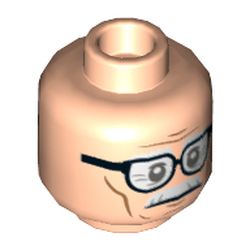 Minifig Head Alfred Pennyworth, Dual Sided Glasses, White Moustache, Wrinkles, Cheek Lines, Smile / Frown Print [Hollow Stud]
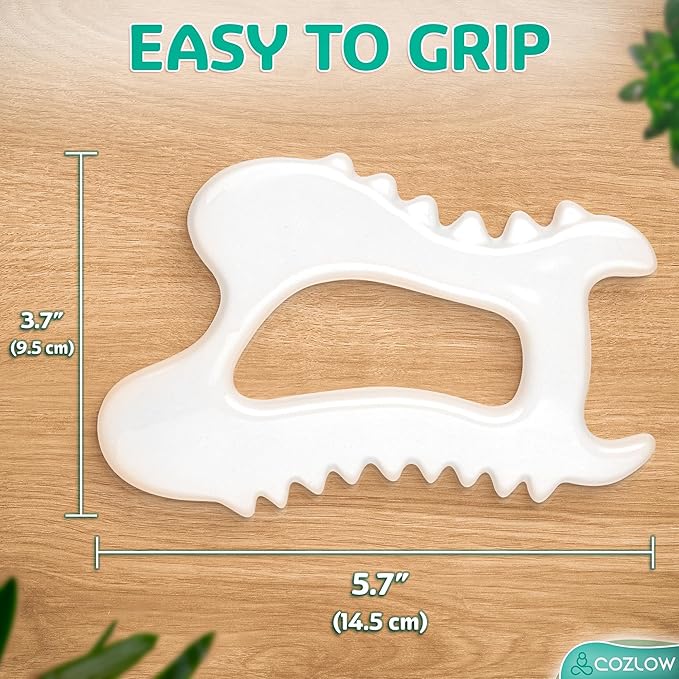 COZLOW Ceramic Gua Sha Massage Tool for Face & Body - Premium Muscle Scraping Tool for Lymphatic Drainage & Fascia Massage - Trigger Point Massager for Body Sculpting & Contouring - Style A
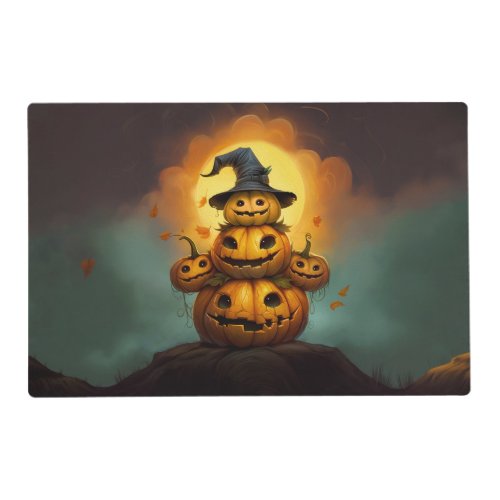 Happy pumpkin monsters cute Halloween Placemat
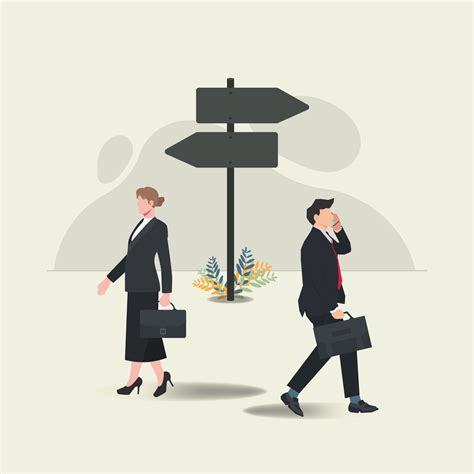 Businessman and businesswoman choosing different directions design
------------------------------------
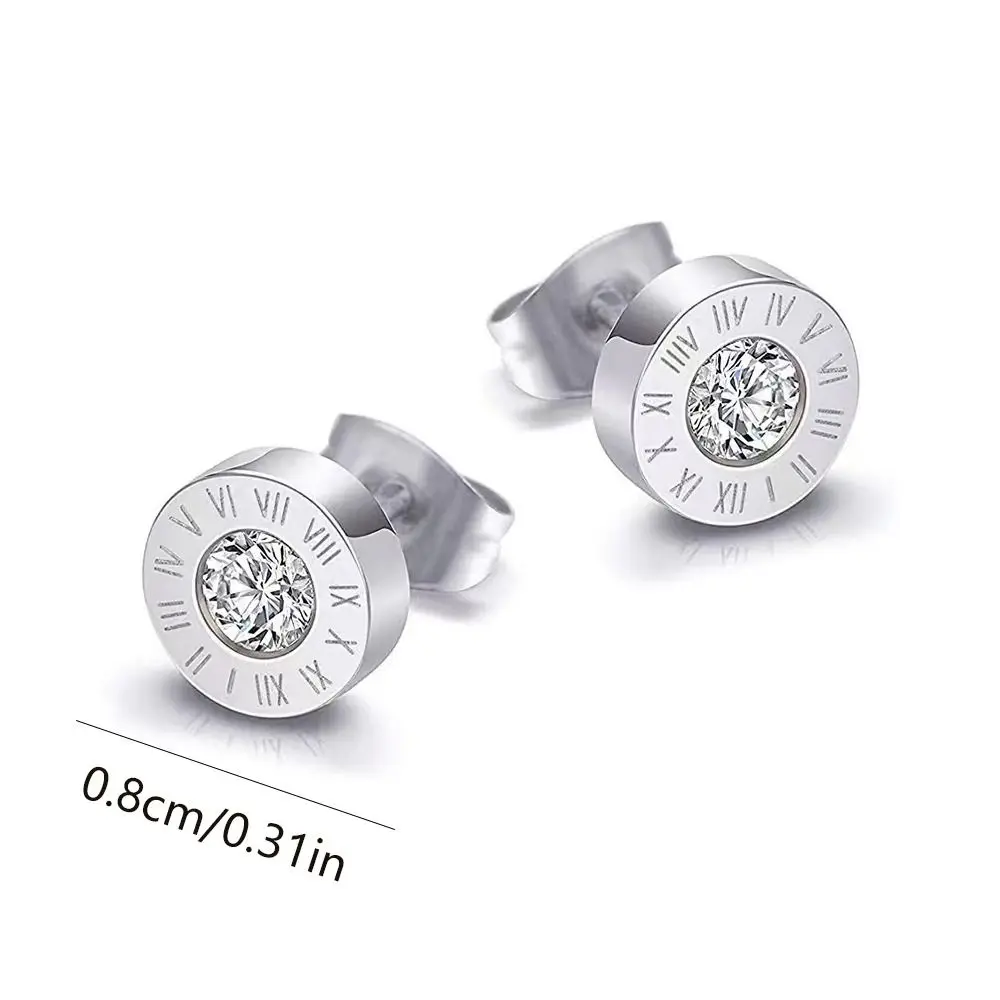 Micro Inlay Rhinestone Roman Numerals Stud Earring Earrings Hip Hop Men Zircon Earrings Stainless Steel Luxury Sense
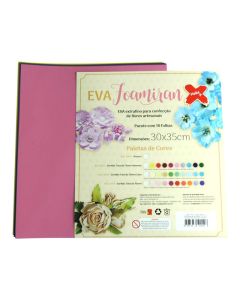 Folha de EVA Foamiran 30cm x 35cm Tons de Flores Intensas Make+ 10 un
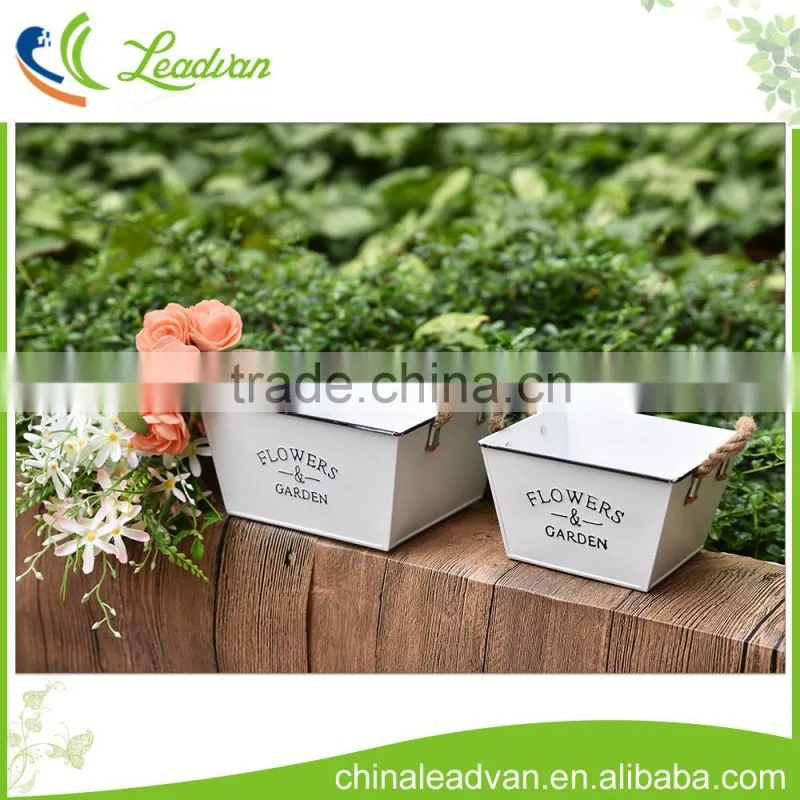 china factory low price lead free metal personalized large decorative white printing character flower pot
------------------------------------
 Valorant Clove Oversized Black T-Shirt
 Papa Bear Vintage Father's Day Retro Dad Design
------------------------------------
DIRECTIONS FOR THIS TASK> Reproduce the lines above starting at the one with "Minifig Head Alfred" and ending at the one with "Businessman and businesswoman", both included, exactly and with no pictures.

RESPONSE FOR THIS EXERCISE>
 Minifig Head Alfred Pennyworth, Dual Sided Glasses, White Moustache, Wrinkles, Cheek Lines, Smile / Frown Print [Hollow Stud]
 COZLOW Ceramic Gua Sha Massage Tool for Face & Body - Premium Muscle Scraping Tool for Lymphatic Drainage & Fascia Massage - Trigger Point Massager for Body Sculpting & Contouring - Style A
 Happy pumpkin monsters cute Halloween Placemat
 Businessman and businesswoman choosing different directions design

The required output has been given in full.